The bad news? It will require a pay freeze.
This week, the Abbott government warned that a union request for a 4 per cent a year wage rise could lead to more than 23,000 public sector job losses.
The Community and Public Sector Union dismissed the claim as ludicrous; national secretary Nadine Flood said it was "obvious the figures have been cooked up to provide cover for a government intent on making more wide-scale cuts to jobs and services".
And the truth? It's impossible to assess the government's modelling without seeing it in full, but there are a few obvious flaws.
First, the prediction of 23,460 job losses is based on the assumption they are all junior (i.e. cheaper) staff. We already know that most public servants leaving the bureaucracy are in fact mid-level executives.
Second, when we apply the Finance Department's forecasting methodology - used in the data interactive above - we come up with a rather different picture.
The latest budget data, released in December, shows the government intends to cut its wages bill by $197 million in 2014-15, then increase it the following year by a relatively tiny amount, before finally allowing a "normal" increase (closer to inflation) in 2016-17.
Explained another way, this means the government already plans to shed almost 15,000 full-time-equivalent jobs over the three years from July 1, 2014, when most public servants are scheduled to begin their next wage agreement.

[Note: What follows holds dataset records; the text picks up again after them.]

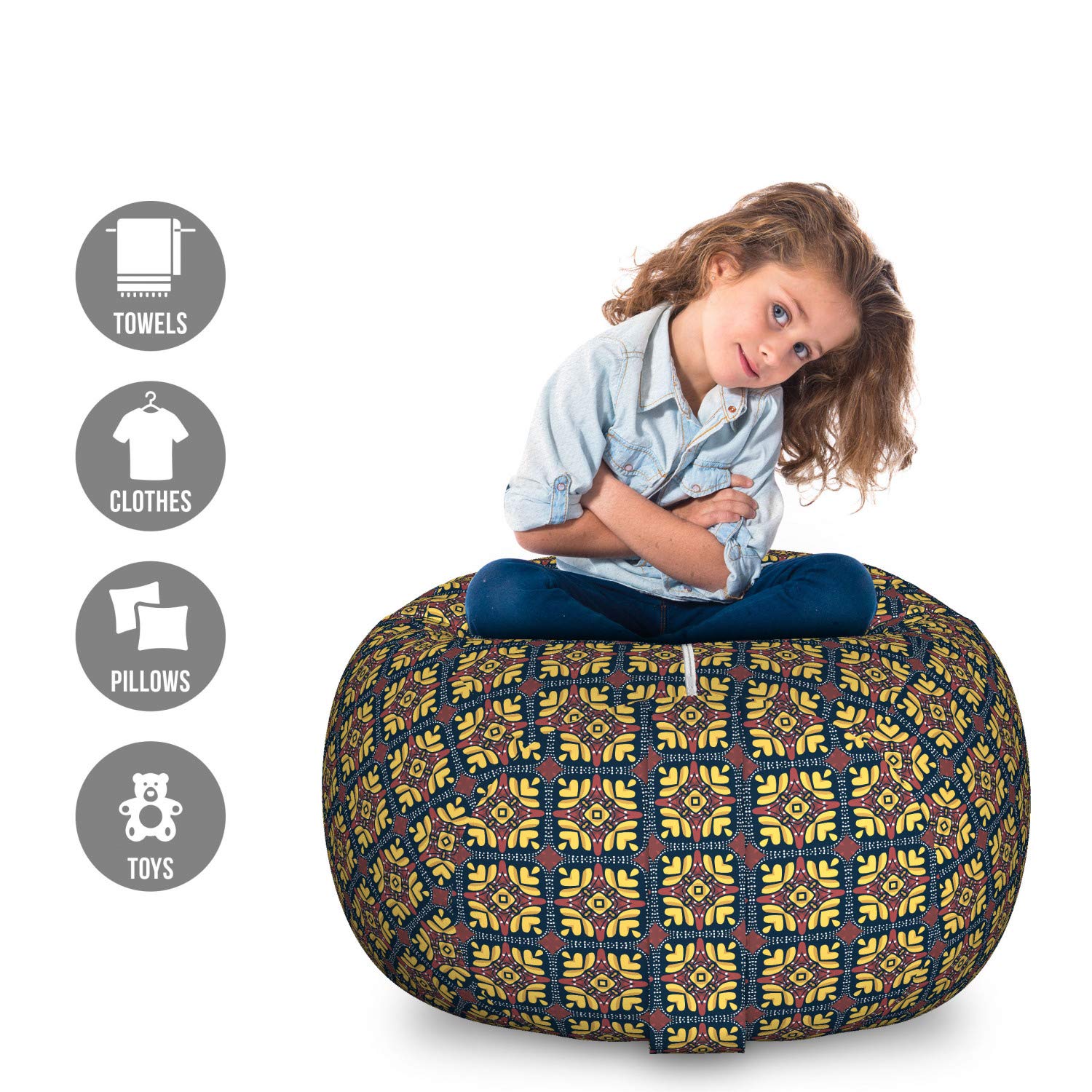 Ambesonne Retro Storage Toy Bag Chair - Large Washable Stuffed Animal Organizer with Antique Floral & Checkered Design, Art Nouveau Inspired - Perfect for Kids' Room, Nursery, Playroom & Dorm Organization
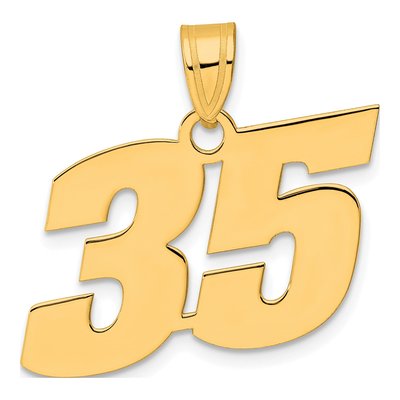 14K Yellow Gold Block Number 35 Pendant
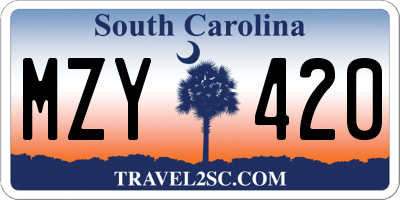SC license plate MZY420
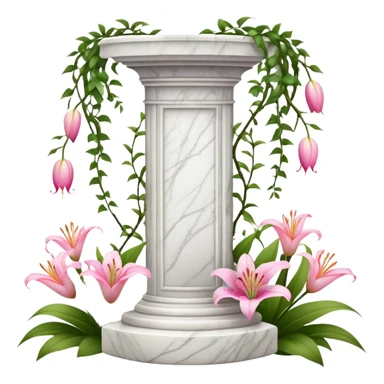 White tall marble pedestal with vines growing around it and pink lilies, beautiful romantic scenery  sticker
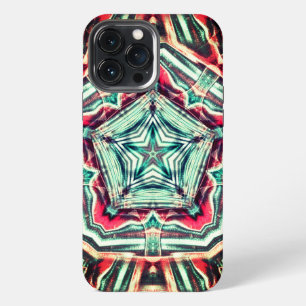 Etui iPhone 13 Pro Max Pentagone sur étoile, porté rouge vieilli et vert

That estimated loss (14,942 jobs) is based on an average pay rise of 3 per cent a year, in line with current government policy.
Assuming the wages kitty is neither raided nor topped up, a 4 per cent a year raise would "cost" an extra 6861 average full-time jobs, on top of the 14,942.
Conversely, a 2.5 per cent a year raise - in sync with inflation forecasts - would "save" 3531 jobs.
The sticking points in wage negotiations regularly end up being non-pecuniary conditions.
Nonetheless, this is a whole-of-government scenario - including military personnel, public servants and staff in other agencies - subject to dozens of variables: it's impossible to predict accurately what will happen.
For example, the government may manage to limit annual pay rises to 3 per cent. But the current hiring freeze may mean staff stay in their jobs longer and be more likely to go up a notch within their pay grade - on top of whatever wage increase is negotiated.
Alternatively, the government's push to rid itself of middle managers may relieve pressure on wage spending, allowing the bureaucracy to cut fewer jobs than initially forecast.
Yet, ultimately, we miss some crucial points if we focus too much on the numbers.
The massive, bureaucracy-wide enterprising bargaining round that will soon kick off is about more than just salaries. Indeed, the sticking points in negotiations regularly end up being non-pecuniary conditions.
It's also a tad presumptuous of Employment Minister Eriz Abetz to assume that a pay rise of X dollars equals a loss of Y jobs.
Has he given up on using the upcoming negotiations to boost productivity? Does Abetz really believe there are no better, cheaper ways for government staff to work? No ways of saving public money other than by sacking public servants?
If so, he may be mostly right. After all, the former Labor government has already scraped the obvious inefficiencies out of the bureaucracy and locked those savings into future budgets - so neither Abetz nor public servants can claim those cuts as extra productivity gains during these negotiations.
But surely, with a little invention, analysis and genuine discussion over the coming months, the government and its staff can find some cleverer ways to work, and perhaps save a few jobs in the process.